Required action: Write out exactly the lines from the one holding "Data Plate CUCV" to the last line of the entries, both ends included and nothing else, without the pictures.

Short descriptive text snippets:
════════════════

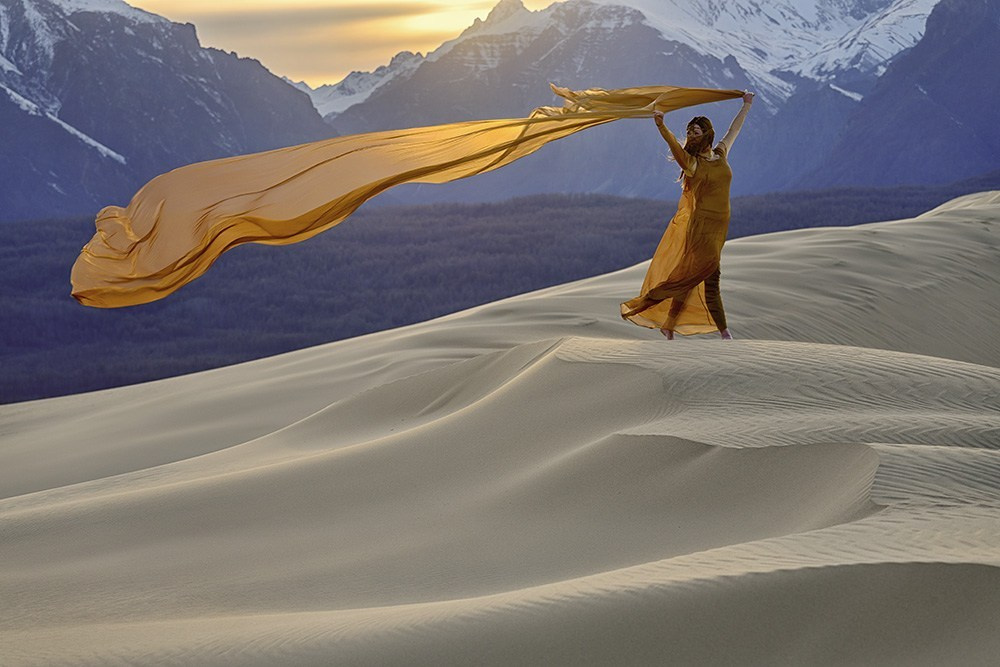 Чарские пески. Май 2026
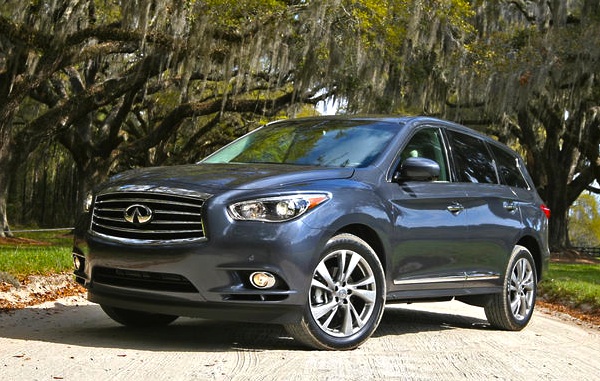 Infiniti JX35 USA March 2012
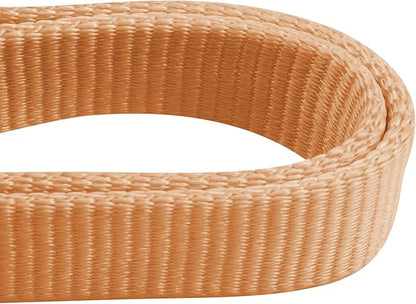 Hyhug Martingale Collar for Dogs Small Clay |Escape - Proof Heavy Duty Nylon Durable No Buckle, Ideal for Training & Daily Walks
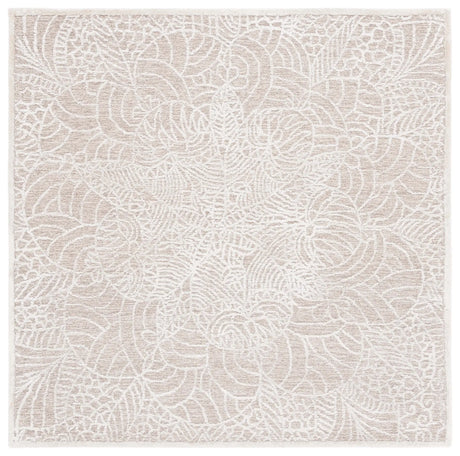 Safavieh Precious 6'-0" x 6'-0" Rug in Beige / Ivory
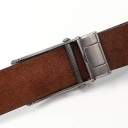 Cinturón de piel para hombre L480 2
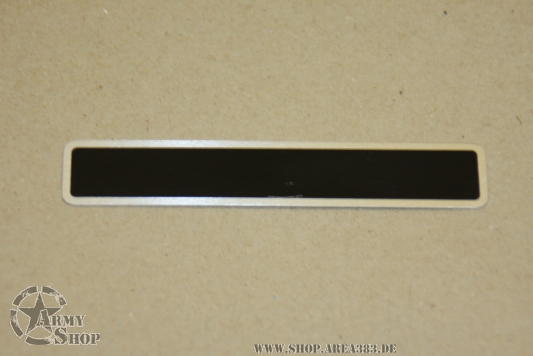 Data Plate CUCV  EX ARMY Chevy ( Fahrgestellnummer)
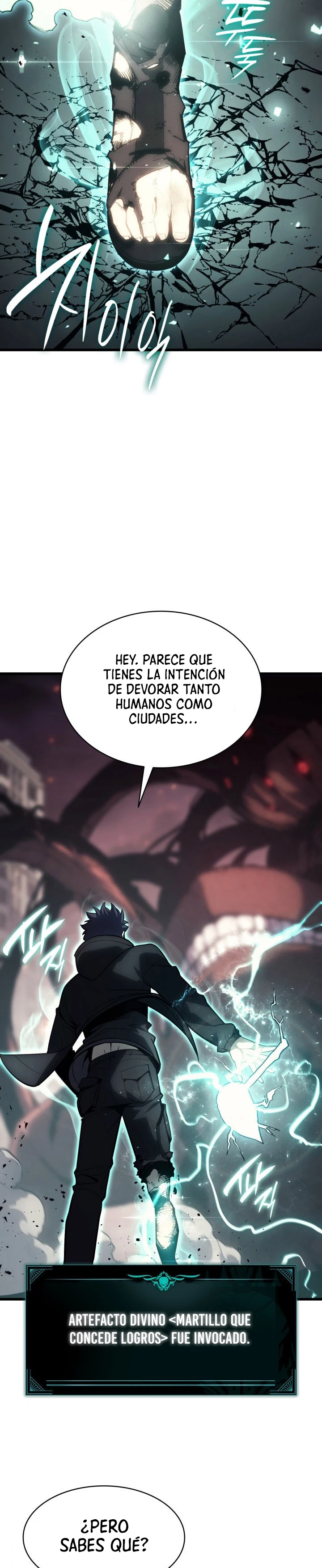 El regreso del héroe de clase: Desastre Capítulo 48 - Página 11 en español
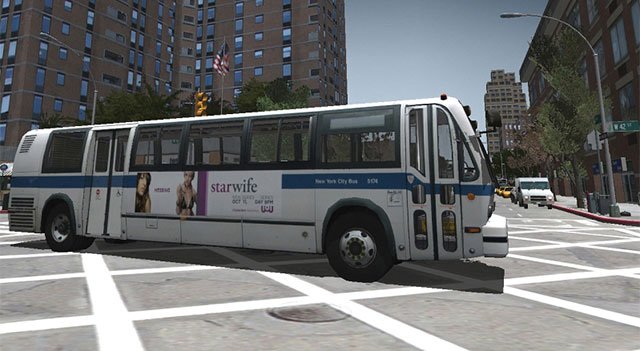 Game mô phỏng lái xe New York Bus Simulator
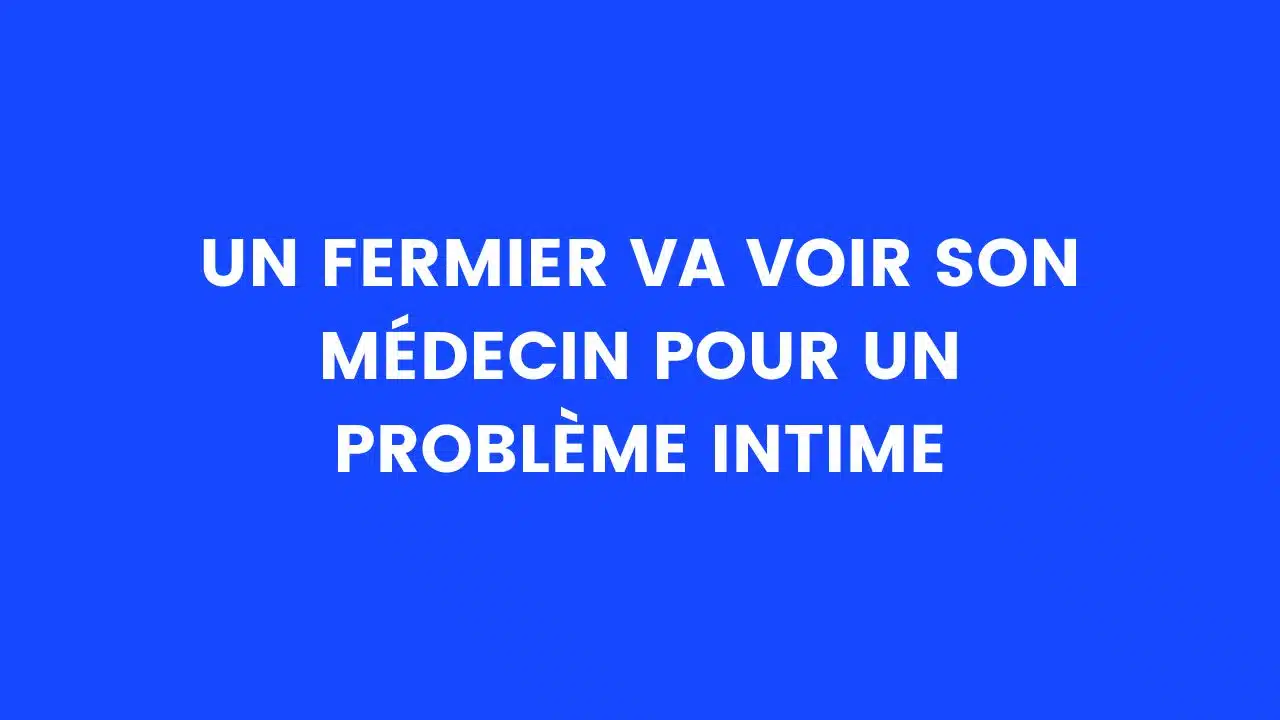 blague fermier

════════════════

Answer for the task:
 Data Plate CUCV  EX ARMY Chevy ( Fahrgestellnummer)
 El regreso del héroe de clase: Desastre Capítulo 48 - Página 11 en español
 Game mô phỏng lái xe New York Bus Simulator
 blague fermier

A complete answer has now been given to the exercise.